If you can’t beat them, convert them? That seems to be the idea behind a custom ROM that Microsoft’s working on that will turn Android phones into Windows 10 phones.
Microsoft has been very busy on the Windows 10 front, announcing that it will ship before the end of August and that it will be free even if you have a pirated copy. It’s all part of its plan to extend Windows 10 absolutely everywhere it can.
Everywhere, it turns out, extends even to Android smartphones. As part of its announcements yesterday, Microsoft noted that it’s testing Windows 10 on the Xiaomi Mi 4 smartphone. So far, so good, you might think, because there are more Windows Phone options than just Lumias, even if there are only a few. Except that the Mi 4 is an Android smartphone.
This isn’t, as Techcrunch notes, a case of dual booting the phone, but instead replacing it with a custom ROM tailored to the Mi 4 and offered specifically by Microsoft. For now, it’s a China-only initiative, but if ROM hacking history is any guide, you can probably expect hacked versions to be made available for other platforms at some point in the near future.

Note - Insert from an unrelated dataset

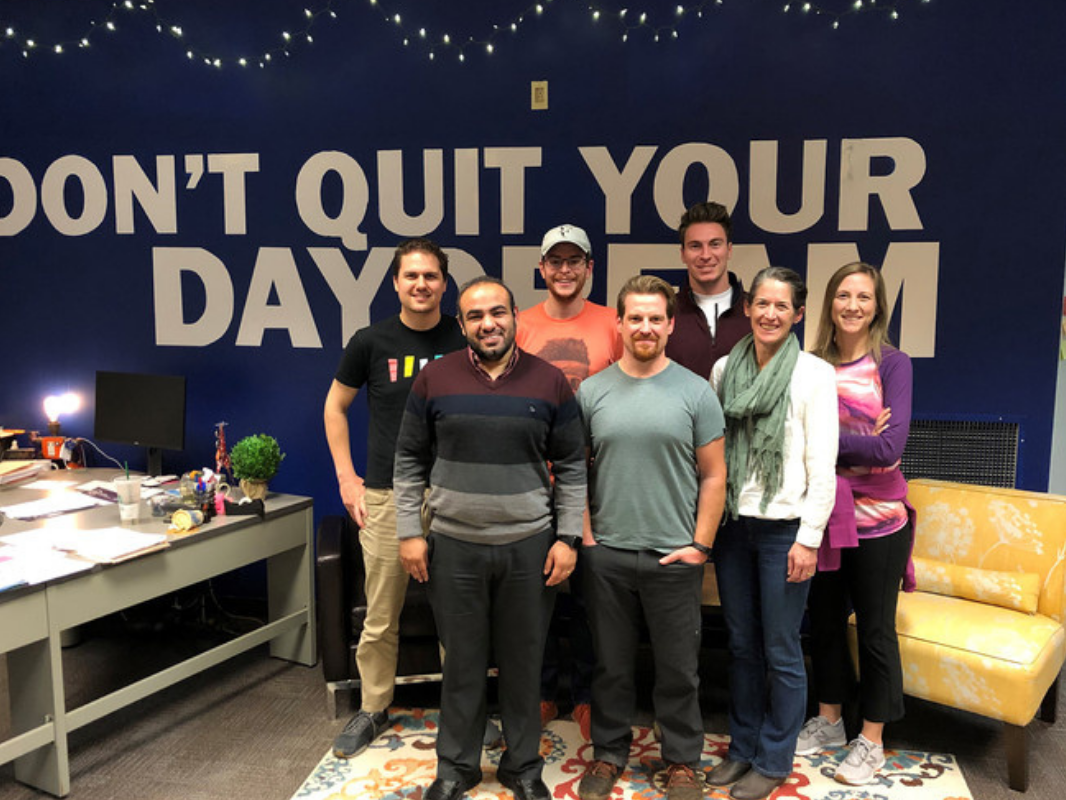 All seven of the 2019-20 FastTrack Accelerator participants stand together in the Happy Valley LaunchBox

Microsoft Is Developing Software That Converts Android Phones To Windows 10 [Techcrunch]
Comments
7 responses to “Microsoft Wants To Turn Android Phones Into Windows 10 Phones”

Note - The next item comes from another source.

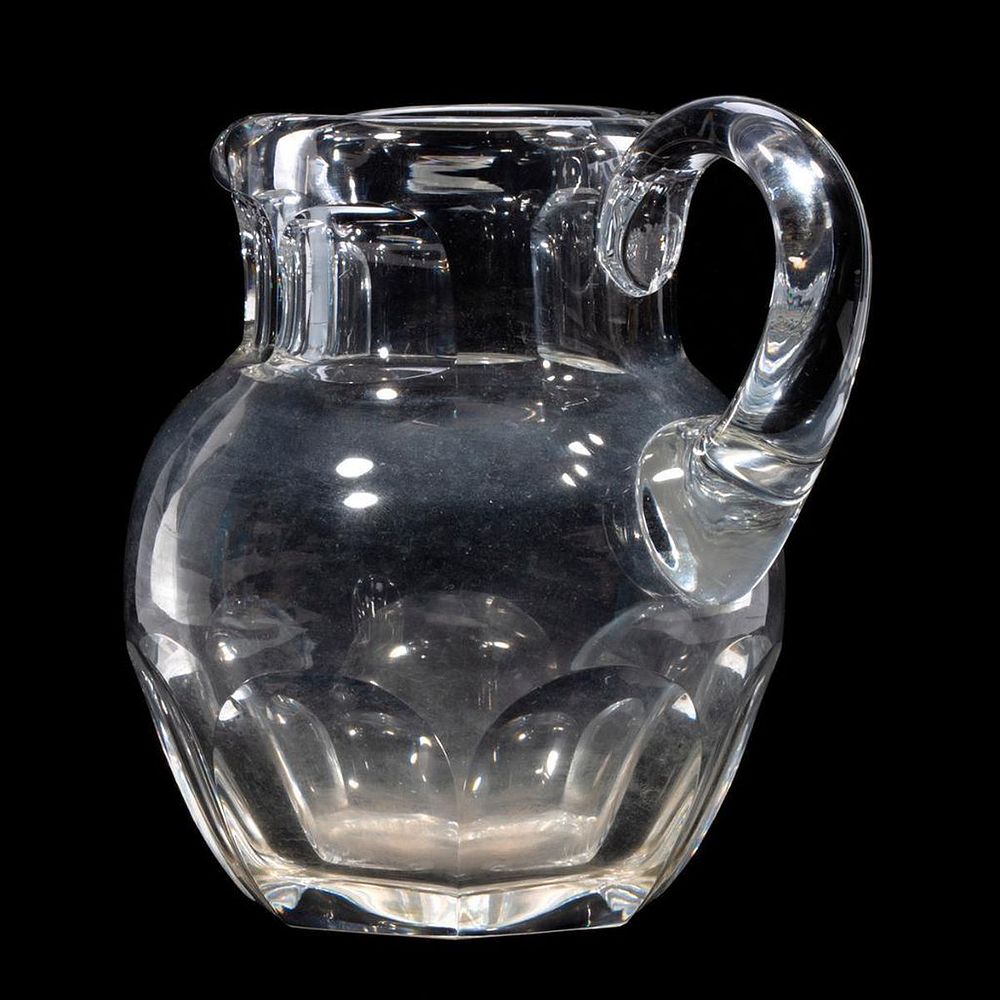 Appraisal: Baccarat Glass Pitcher Formed with lobed neck and base Baccarat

So we can take our perfectly good Android phones, and give them lobotomies to run Windows…?
Well that’s appealing … not.
If people wanted Windows phones, then they’d buy Windows phones.
While this sounds awesome, I’m guessing it would be a pretty flaky experience with drivers and firmware updates.

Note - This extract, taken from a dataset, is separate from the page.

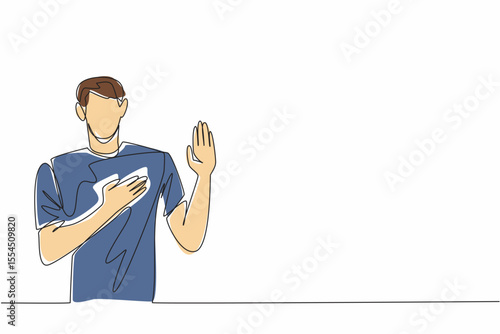 Single continuous line drawing man in casual clothes posing swear gesture. Honest and trustworthy nature. Has many friends and relations. National Honesty Day. One line design vector illustration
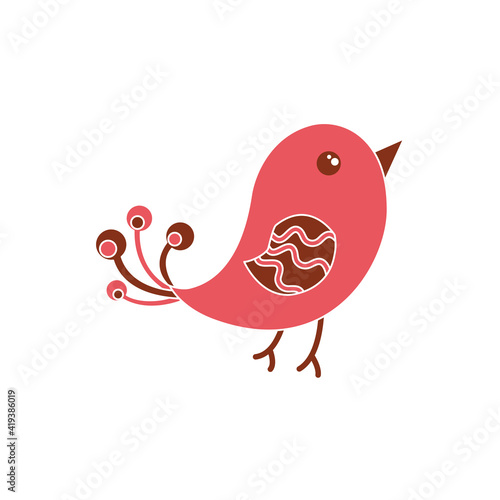 Cute bird, image vector illustration isolated on white background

WP8 and Android handsets now have a lot of commonality: Qualcomm chips, panels from Samsung/LG, same audio drivers, etc. Their biggest hurdle will be convincing Chinese consumers to jump on WP, which has almost no footprint in the country.
There’s already issues though with OEM’s like HTC being really lazy with firmware and driver updates. All Microsoft updates is the OS. It wont be any better without OEM support.
That was my first thought too. Having gone from a Lumia to a OnePlus One I really do miss WP8, but I don’t know that I’d be game enough to try it unless OnePlus support it directly.
I would hazard a guess this is the true reason that Microsoft are interested in Cyanogen.
The good things about Windows Phones like the 1520 are the hardware and the OS. The apps lineup SUCKS. So why would you do this? It’s a lose on every level.